Task objective
Find the line containing "Origami Nursery Mobile - White". Retype it and every later line of the records exactly, leaving out pictures.

[Dataset entries]
====

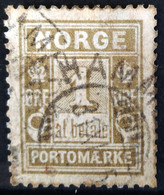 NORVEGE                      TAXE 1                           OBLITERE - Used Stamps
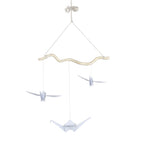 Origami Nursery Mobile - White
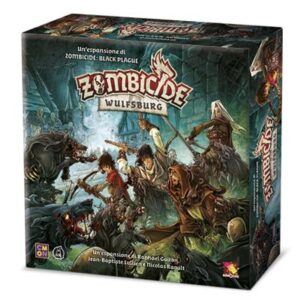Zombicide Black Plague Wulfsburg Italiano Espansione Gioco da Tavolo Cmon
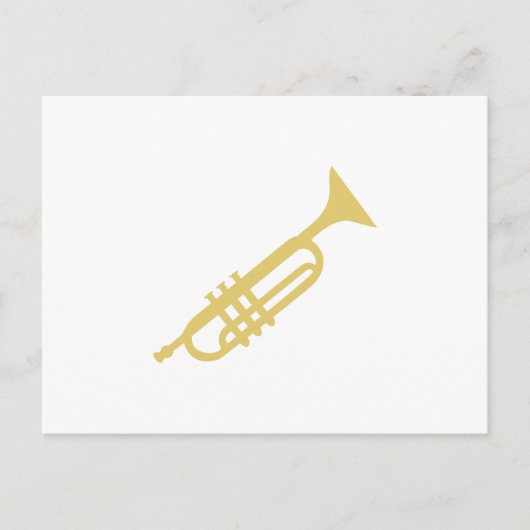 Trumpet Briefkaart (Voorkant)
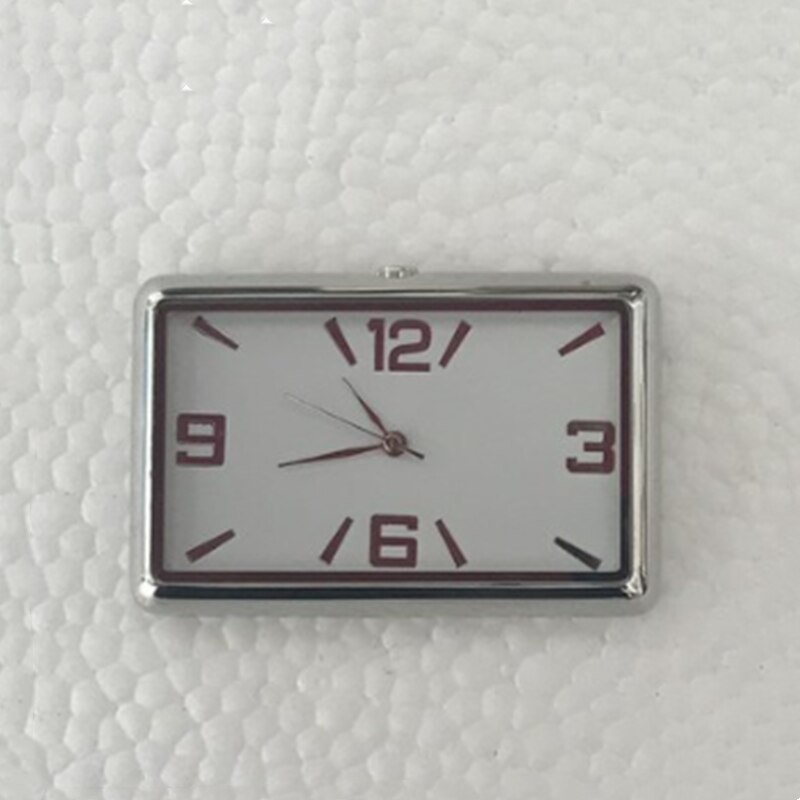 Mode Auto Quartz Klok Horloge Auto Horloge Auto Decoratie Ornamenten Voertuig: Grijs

====

Output of the exercise
 Origami Nursery Mobile - White
Zombicide Black Plague Wulfsburg Italiano Espansione Gioco da Tavolo Cmon
 Trumpet Briefkaart (Voorkant)
 Mode Auto Quartz Klok Horloge Auto Horloge Auto Decoratie Ornamenten Voertuig: Grijs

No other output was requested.